Dissosiyatif deneyimler genellikle dışsal travmatik deneyimlere karşı savunmacı tepkilerdir; kaygı ile güçlendirilmiş provokatif düşüncelere yanıt olarak takıntılar gelişir. Bir anlamda, obsesyonlar ve kompulsiyonlar, genellikle tahammül edilemeyen düşüncelerin neden olduğu iç travmaya direnmek için savunma mekanizmaları olarak adlandırılmaktayken, dissosiyatif deneyimi, dışsal travmatik durumlara bir yanıt olarak adlandırılabilir.

Obsesif kompulsif belirtiler ve dissosiyatif yaşantılar arasındaki ilişkinin araştırılması adına yapılan çalışmalardan elde edilen sonuçlara göre, obsesif kompulsif belirtiler ile dissosiyatif deneyimler arasında diğer psikolojik rahatsızlıklara göre anlamsal olarak daha yakın bir ilişkiye sahip olduğu görülmüştür. Obsesif kompulsif belirti alt tipleri ile disosiyatif deneyimler arasındaki ilişki değerlendirildiğinde, obsesif dürtüler ve tekrarlama belirtilerinin dissosiyatif yaşantılar ile diğer obsesif kompulsif belirtilerine yakın olduğu gözlemlenmiştir. Araştırmalar aynı zamanda, yalnızca obsesif kompulsif hastalarına özgü bilişsel bozukluk, dissosiyatif semptomlar içeren bir yaşama eğilimine neden olabildiğini de saptamıştır.

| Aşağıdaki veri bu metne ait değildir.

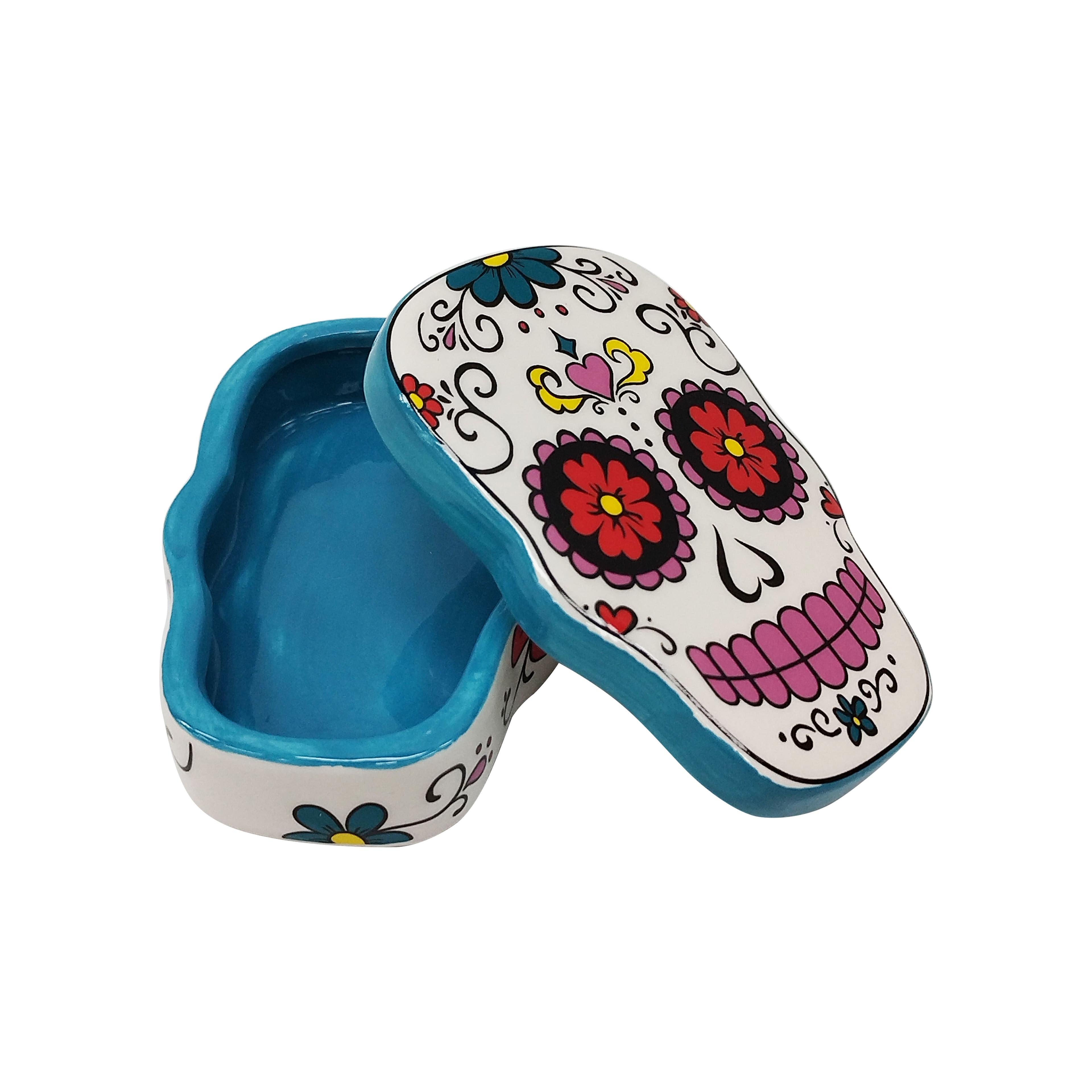4.12" Skull Trinket Box by Ashland®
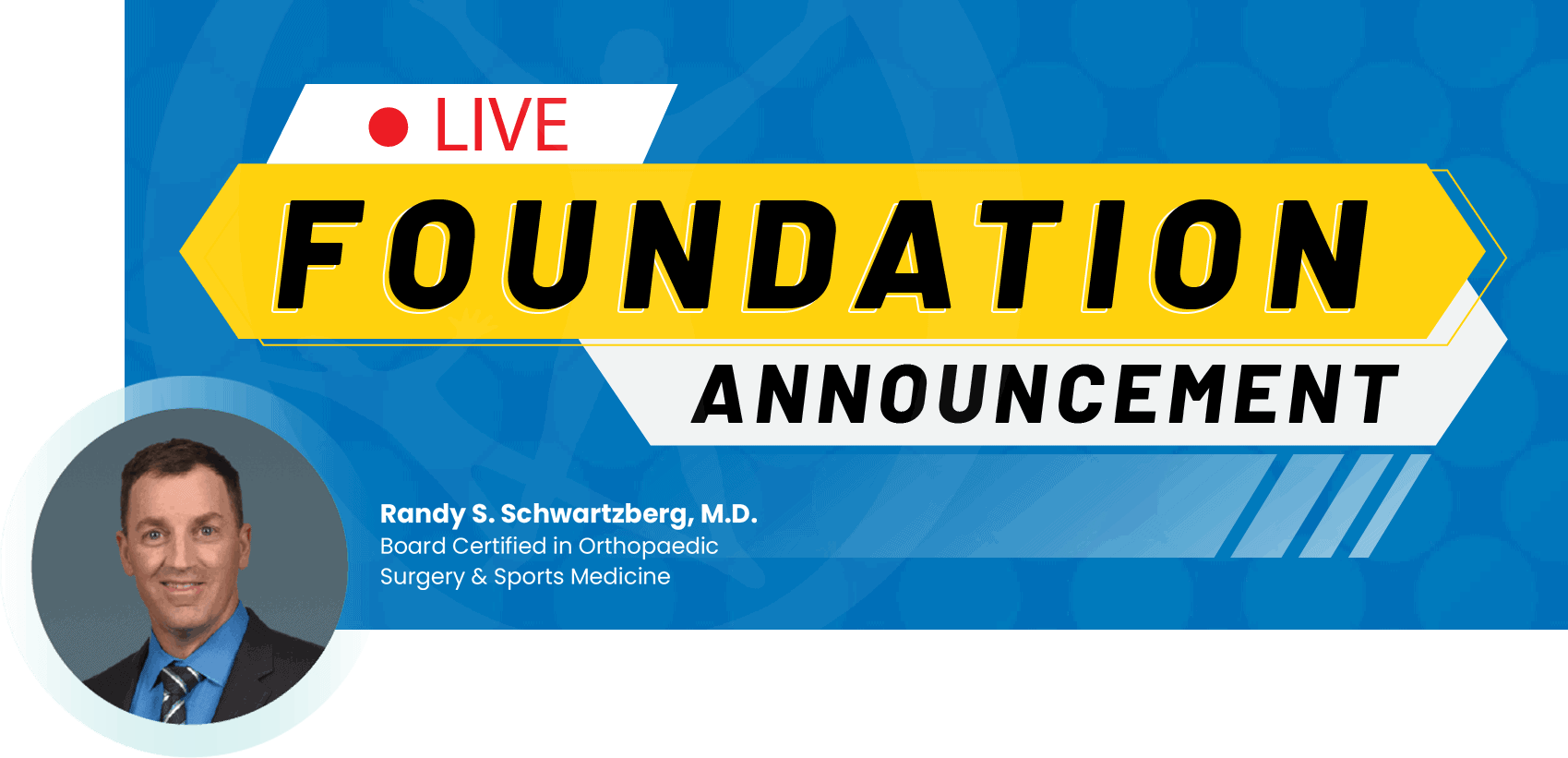 Special Foundation Announcement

Obsesif kompulsif belirti ve dissosiyasyon deneyimlerinin alt boyutlarına göre incelendiğinde, hastalığa sahip bireylerde düşüncelere dalma obsesif kompulsif belirtisi ile dissosisyasyon alt türü olan depersonalizasyon ve derealizasyon arasında istatistiksel olarak anlamlı bir ilişki görülmüştür. Aynı çalışmada, kontrol obsesif kompulsif belirtisi ile amnezi dissosiyasyon alt boyutu arasında da anlamsal olarak ilişki ortaya çıkmıştır. Buna ek olarak, obsesif kompulsif tanısı konulmuş kişilerde bir şeyi yaptıklarından veya o işi yapmayı düşünmeleri arasında emin olamadıkları ve kişilerin bu duruma bağlı olarak tekrarlayıcı kontrol davranışı edindikleri ileri sürülmüştür.

Çalışma bulgularından biri olan obsesif kompulsif belirtisi olan kontrol ve dissosiyasyon alt boyutu olan amnezi ilişkisi, obsesif kompulsif tanısı almış bireylerin belirtilerinin artmasıyla kişilerin belleklerine duydukları güvenin azalması ve tekrarlayan konrol davranışları şeklinde açıklanmıştır. Dissosiyatif bozukluk, kişilerde bilinç -bellek işlevlerinin bozulması olarak tanımlanabilir. Obsesif kompulsif belirtilerin dissosiyasyon ile ilişkisini, iki hastalıkta da kişilerin algılama ve çevre ile ilgili sorunlarından kaynaklanır. Obsesif kompulsif bozukluk tanısı almış bireylerin, dissosiyasyon alt boyutlarına da sahip olduğu ve yaşamlarını bu semptomlara göre şekillendirdiği yapılan araştırmalarca görülmüştür.


Kaynakça:

  • Özgündüz, C. M., Kenar Güler, J., Tekin, A., Özer, Ö. A., Karamustafalıoğlu, O. (2019). Obsesif-kompulsif bozukluk hastalarında dissosiyasyon ve çocukluk çağı travmalarının sağlıklı gönüllülerle karşılaştırılması. Anadolu Psikiyatri Dergisi. 20 (3), 287-295.
  • Tatlı, M., Çetinkaya, Ö., Maner, F. (2018, 31 Mayıs). Obsesif-kompulsif bozukluk ve dissosiyatif yaşantılar arasındaki ilişkinin değerlendirilmesi. Clin Psychopharmacol Neurosci. 16 (2), 161–167. doi: 10.9758 / cpn.2018.16.2.161
  • Kılıç, B. S. S. P. (2019). Obsesif kompulsif belirtilerin çocukluk çağı travma türleri ve dissosiyatif yaşantılarla ilişkisi [Yüksek Lisans Tezi, Işık Üniversitesi].
  • Demirci, K. (2016). Çocukluk çağı travmaları ve obsesif kompulsif belirtilerin ilişkisinin inceleenmesi. Journal of Mood Disorders. 6(1), 7-13.